Rysunek 4. Odpowiednie napowietrzenie jest wymagane do wylęgu i przeżycia zarodków C. elegans. 100 μl osadu robaków N2 bielono przez 6 minut i inkubowano w stożkowych probówkach o pojemności 15 ml z 1, 5 lub 10 ml, zgodnie ze specyfikacją, M9 w temperaturze 20 °C przez 24 godziny. W górnej części rysunku wyświetlane są zdjęcia kultur po 24 godzinach, gdzie strzałki wskazują jaja, które się nie wykluły. Na dole znajduje się wykres przedstawiający liczbę larw (jasnoszary) i martwych zarodków (ciemnoszary) 48 godzin po wybieleniu w podanych warunkach.

Rysunek 5. Cykl życiowy C. elegans. a. Przybliżona długość robaków na różnych etapach. Godziny wymagane do osiągnięcia każdego etapu w zależności od temperatury (zmodyfikowane z 20). b. Nomarski (góra) i DAPI (dół) zdjęcia różnych robaków we wskazanych stadiach rozwojowych. Najważniejsze cechy w każdej fazie są powiększone. L1: strzałka wskazuje prekursory gonady somatycznej i linię zarodkową. Wczesne L4: strzałka (nomarski) wskazuje rozwijający się srom; białe strzałki (DAPI) wskazują dwa ramiona gonad. Średnio późne L4: strzałka wskazuje rozwijający się srom w tak zwanym stadium choinki. Młody dorosły: strzałka oznacza zarodek w macicy, grot strzałki wskazuje na spermatekę, biała strzałka wskazuje oocyt. Gravid adult: grot strzałki (DAPI) wskazuje zapłodnione zarodki. Strzałka na obrazie DAPI wskazuje spermatekę.

Rysunek 6. Morfologia sromu w stadiach L3, L4 i dorosłych. W stadium L3 można zaobserwować tylko małe światło, w którym tworzy się srom. W punkcie L4 światło to rozszerza się formując tzw. "choinkę". U osoby dorosłej srom jest już zamknięty. Żółte linie wskazują położenie sromu na tych trzech etapach.

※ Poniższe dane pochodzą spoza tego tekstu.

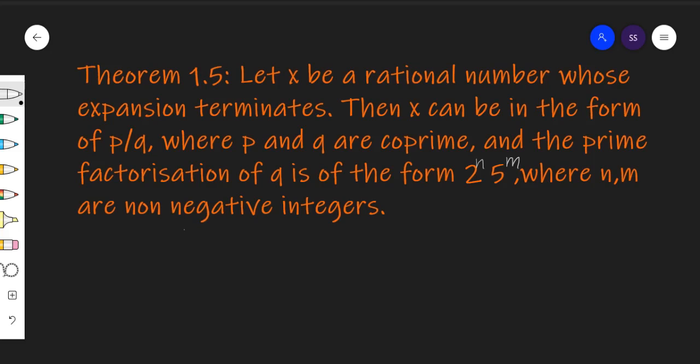Theorem 1.5 हमें बताती है कि, let x कोई भी rational number है जिसका decimal expansion terminate होता है — यानि कि decimal expansion कुछ time बाद terminate हो जाता है. Then x can be written in the form of P by Q, where P and Q are co-primes, and the prime factorization of Q is of the form 2 raised to power n × 5 raised to power m, where n and m are non-negative integers.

Rysunek 7. Barwienie DAPI w stadium L3, wczesnym L4, późnym L4 i dorosłym. W L3 linia zarodkowa jest wydłużona. W L4 ramiona gonad mają morfologię w kształcie litery U. W późnym stadium L4 plemniki można zaobserwować w dystalnej części gonady. Młodzi dorośli prezentują oocyty. Linia rozrodcza Adult składa się z oocytów i zarodków. Żółte linie wyznaczają linie zarodkowe na różnych określonych etapach.

Rysunek 8. Rozwój C. elegans w temperaturze 15 i 25 °C. Robaki N2 wybielono, inkubowano przez noc w M9 i mieszano w temperaturze 15 °C, przeniesiono na płytki i wyhodowano we wskazanych czasach w podanych temperaturach.